EXERCISE = Leaving out every picture, please repeat exactly the line that contains "F Fityle Accessoires" and each line after it through the final line below.

[Short descriptive text snippets]
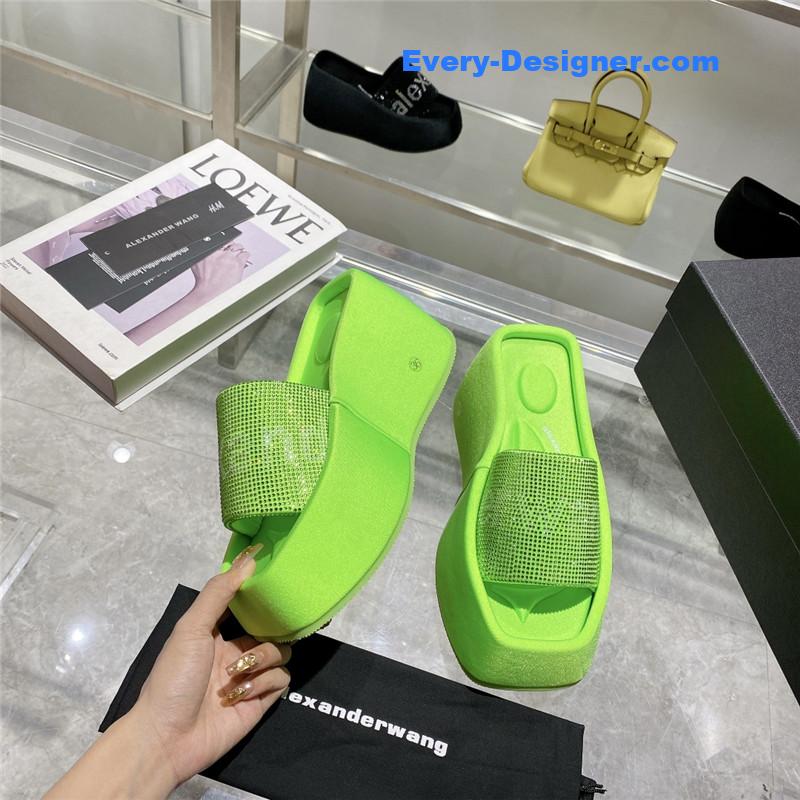 A1exa*der wang platform sandals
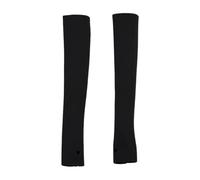 F Fityle Accessoires de vêtements pour figurines féminines à l'échelle 1/6, pour le cosplay et les amateurs : manches multifonctionnelles, robustes et, Noir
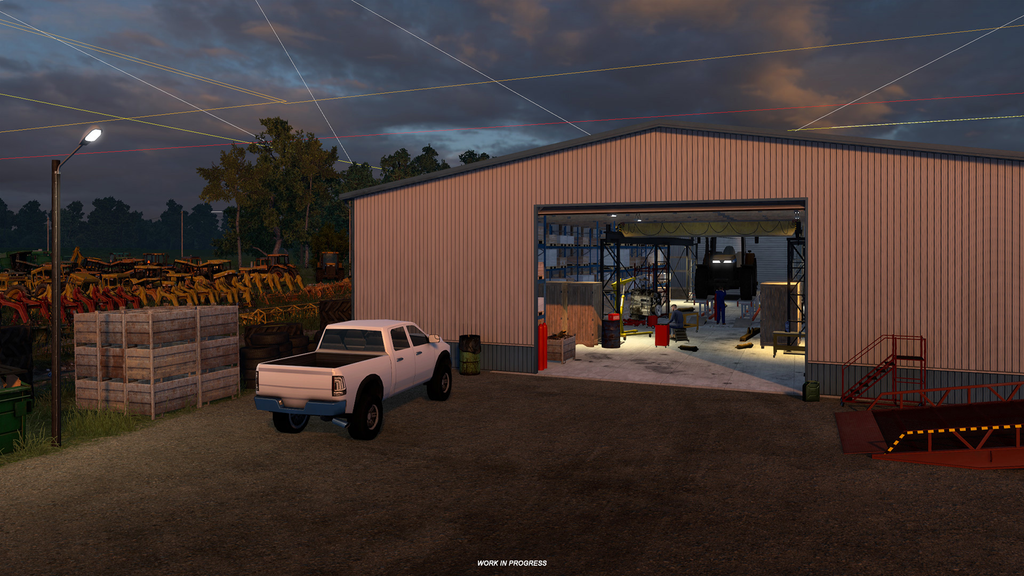 SCS Software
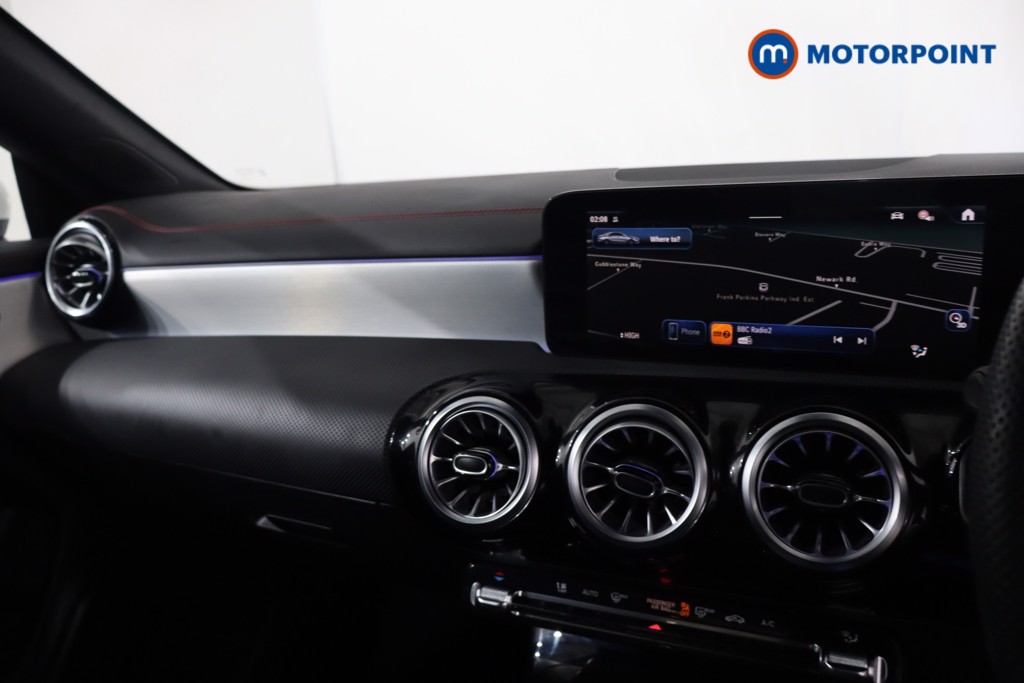 Mercedes-Benz CLA Amg Line Automatic Petrol Coupe - Stock Number (1628755) - 18th supplementary image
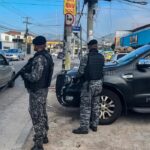 Segurança: Capitão da PM é preso por suspeita de ligação com o Comando Vermelho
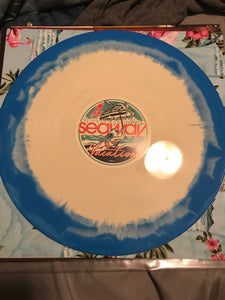 Seaway : Vacation  (LP, Album, Ltd, Bon)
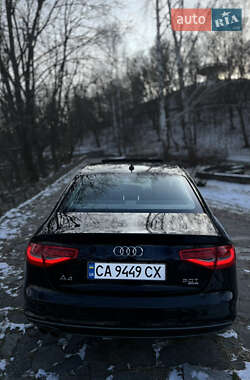 Седан Audi A4 2014 в Черкасах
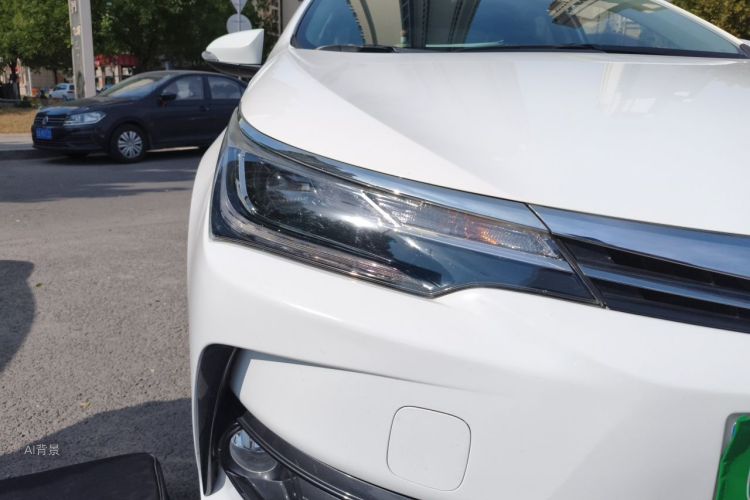 Toyota Corolla 2019 car image #8
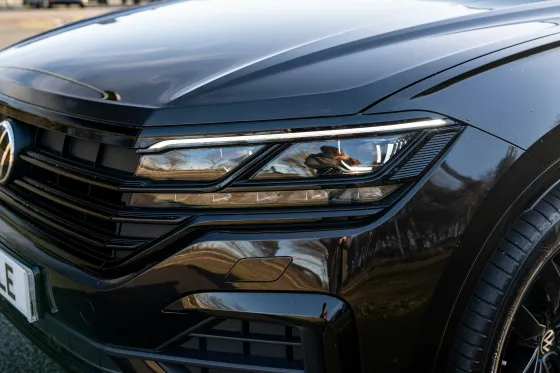 Volkswagen Touareg 2021 Астана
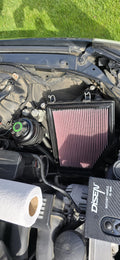 High-Performance Engine Air Filter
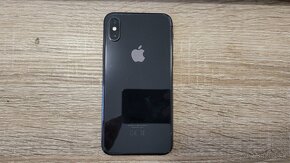 Apple iPhone XS na diely - bez LCD a poškodená doska - 6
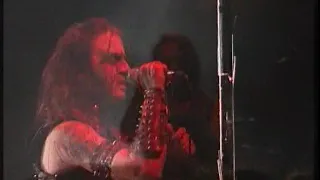 WATAIN 10 TH UNDER THE BLACK SUN FESTIVAL 2007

EXERCISE SOLUTION =
 F Fityle Accessoires de vêtements pour figurines féminines à l'échelle 1/6, pour le cosplay et les amateurs : manches multifonctionnelles, robustes et, Noir
 SCS Software
 Mercedes-Benz CLA Amg Line Automatic Petrol Coupe - Stock Number (1628755) - 18th supplementary image
 Segurança: Capitão da PM é preso por suspeita de ligação com o Comando Vermelho
 Seaway : Vacation  (LP, Album, Ltd, Bon)
 Седан Audi A4 2014 в Черкасах
 Toyota Corolla 2019 car image #8
 Volkswagen Touareg 2021 Астана
 High-Performance Engine Air Filter
 Apple iPhone XS na diely - bez LCD a poškodená doska - 6
 WATAIN 10 TH UNDER THE BLACK SUN FESTIVAL 2007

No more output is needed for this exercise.